Tande named Dean of UND CEM
Pat Sweeney | Mar 26, 2020 AT 2:50 pm
Brian Tande has been appointed Dean of UND’s College of Engineering and Mines.
The Stanley (ND) native served as interim dean of the college since last April.
Tande was one of three finalists who interviewed for the job.
Tande served in UND’s Chemical Engineering Department from 2006 to 2017. After a stint at Kansas State University, he returned to UND in June 2018.
University of North Dakota Vice President for Academic Affairs and Provost Tom DiLorenzo has announced that Brian Tande has been appointed dean of College of Engineering & Mines (CEM). He was one of three finalists who interviewed for the position after a nationally competitive search that began last fall.
Tande, who has served as interim dean of the College since last April, will begin his new duties immediately.
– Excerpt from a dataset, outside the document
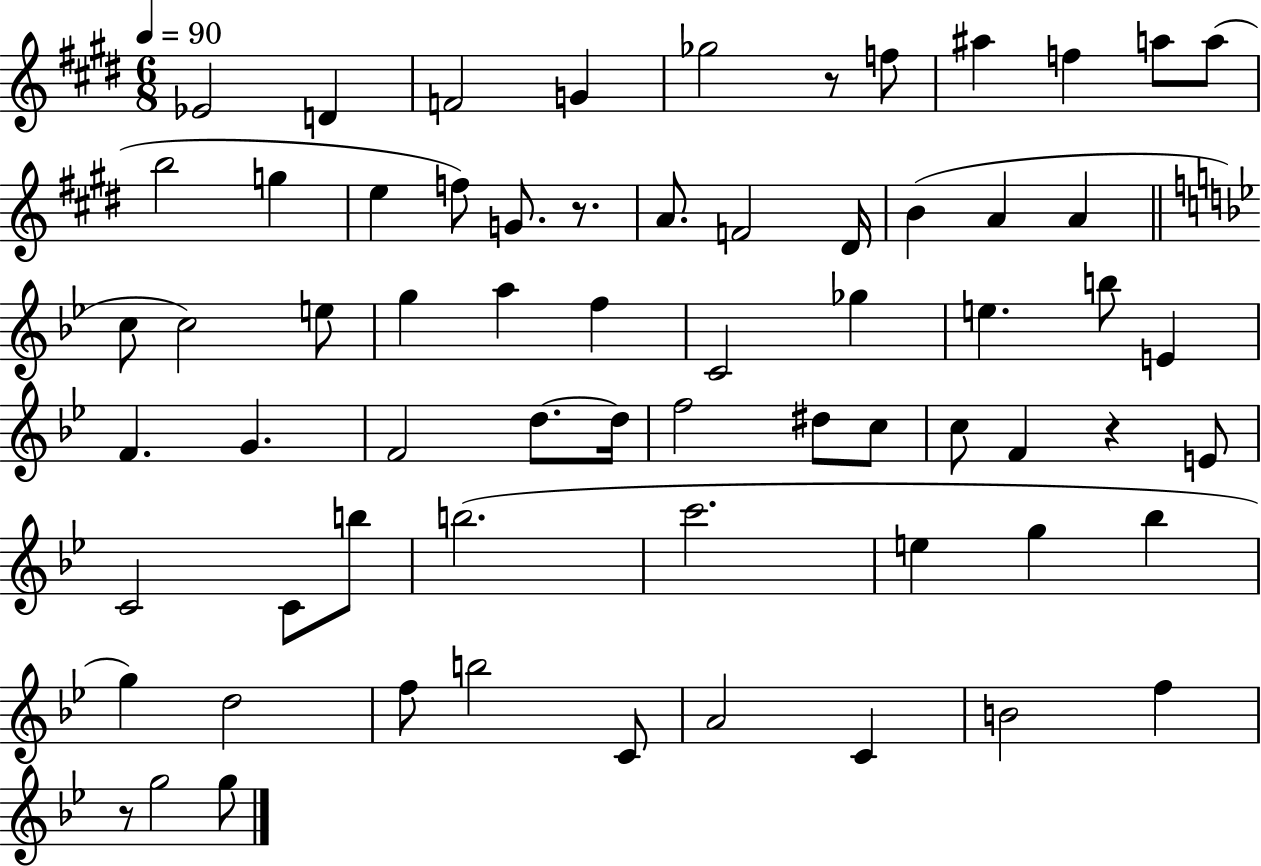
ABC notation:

“I’m delighted that Dr. Tande has accepted the deanship, and will continue to lead the College of Engineering & Mines,” DiLorenzo said. “He’s an innovative collaborator and natural entrepreneur who brings a wide array of academic and private-sector experience in the science of engineering, research and commercialization. And much of that experience was honed right here at UND.”
“Being selected as the Dean of CEM is an incredible honor,” Tande said. “I welcome the opportunity to lead the college I love and have been a part of for 13 years.” Tande, a Stanley, N.D., native who holds chemistry and chemical engineering degrees from the University of Minnesota and the University of Delaware, where he earned his Ph.D., served as associate dean of the College until he was appointed interim dean. He’s also director of CEM’s Grand Challenge Scholars program, and served as interim director of the School of Electrical Engineering and Computer Science in 2018.
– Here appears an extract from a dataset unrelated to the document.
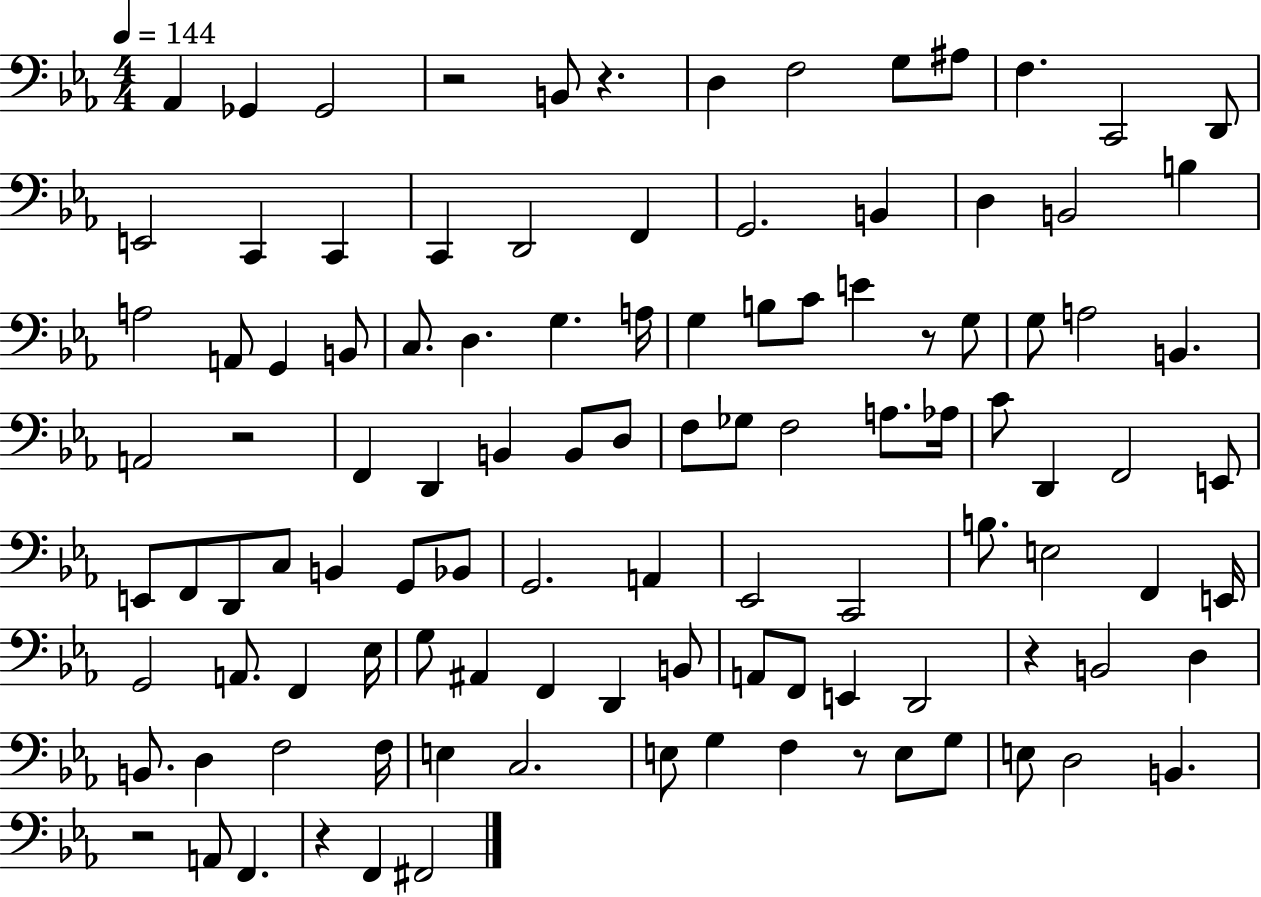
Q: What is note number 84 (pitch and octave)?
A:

Tande served in UND’s Chemical Engineering Department from 2006 to 2017, and was named Outstanding CEM Professor of the Year in 2010. In 2017, he briefly left UND for a stint at Kansas State University, where he was the graduate programs director and an associate professor of chemical engineering. He returned to UND in June 2018. His time at UND also has included posts as a faculty fellow in the School of Entrepreneurship, a director of the Jodsaas Center for Engineering Leadership and Entrepreneurship and a department chair in chemical engineering from 2013-17.
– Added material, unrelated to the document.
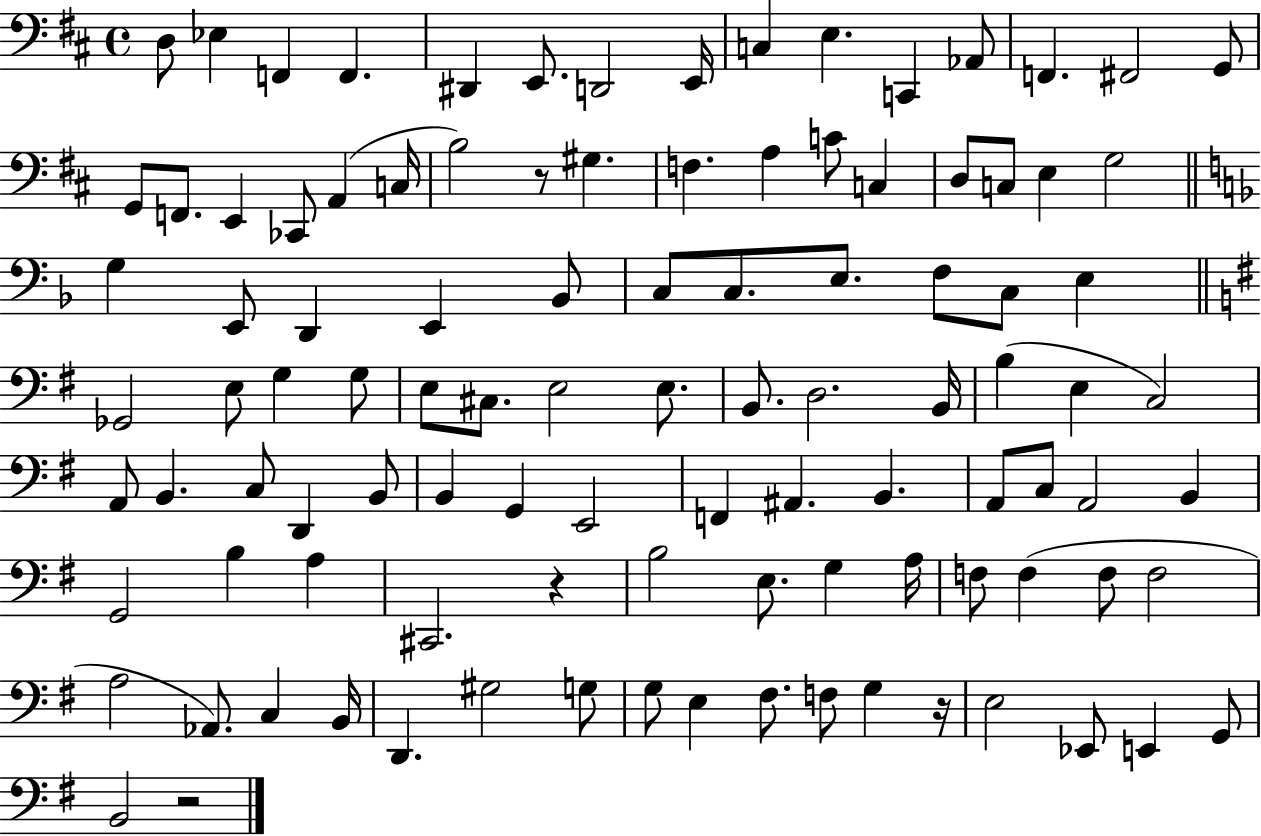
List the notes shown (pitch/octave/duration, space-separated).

D3/e Eb3/q F2/q F2/q. D#2/q E2/e. D2/h E2/s C3/q E3/q. C2/q Ab2/e F2/q. F#2/h G2/e G2/e F2/e. E2/q CES2/e A2/q C3/s B3/h R/e G#3/q. F3/q. A3/q C4/e C3/q D3/e C3/e E3/q G3/h G3/q E2/e D2/q E2/q Bb2/e C3/e C3/e. E3/e. F3/e C3/e E3/q Gb2/h E3/e G3/q G3/e E3/e C#3/e. E3/h E3/e. B2/e. D3/h. B2/s B3/q E3/q C3/h A2/e B2/q. C3/e D2/q B2/e B2/q G2/q E2/h F2/q A#2/q. B2/q. A2/e C3/e A2/h B2/q G2/h B3/q A3/q C#2/h. R/q B3/h E3/e. G3/q A3/s F3/e F3/q F3/e F3/h A3/h Ab2/e. C3/q B2/s D2/q. G#3/h G3/e G3/e E3/q F#3/e. F3/e G3/q R/s E3/h Eb2/e E2/q G2/e B2/h R/h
In the private-sector, Tande has been a product developer working with high-performance polymers for GE Plastics, in Mt. Vernon, Ind.; and a director of operations and quality improvement manager with Fargo-based Tecton Products, LLC, a fiberglass composites manufacturer for the window and door industry. He’s also a co-founder of two companies that have developed UV-reflective coating materials for the hunting products and healthcare industries. One of those, Lumacept, Inc., has commercialized a patented coating technology that is used in the disinfection of hospital rooms. Tande has also worked as an independent consultant in materials development and has delivered workshops on engineering statistics and experimental design. In addition to his teaching and administrative work, Tande is the author or co-author of at least 25 peer-reviewed research studies, and holds 10 separate U.S. patents.
‘Full speed ahead’
Tande says that in his new role as dean, he wants to ensure the College fully supports UND’s strategic plan by growing quality online programs, improving retention and graduation rates and expanding research. He’s also committed to ensuring the college continues to support the Grand Forks region and the State of North Dakota, including in fast-growing areas like computer science, data science and cybersecurity. “We contribute significantly to the workforce needs of North Dakota industry and I’m excited to expand our relationships with North Dakota companies even further,” he says.
“Dr. Tande is the right person to lead the College of Engineering & Mines,” said Senior Vice Provost Debbie Storrs. “He understands that now more than ever, the College must be nimble and responsive to workforce needs, the changing student demographic, and student interests. And, importantly, he can work effectively with his committed faculty to create innovative and high-quality curriculum to meet such demands.”
“The College cannot afford to take its foot off the gas,” Tande said. “I intend to keep us moving full speed ahead.”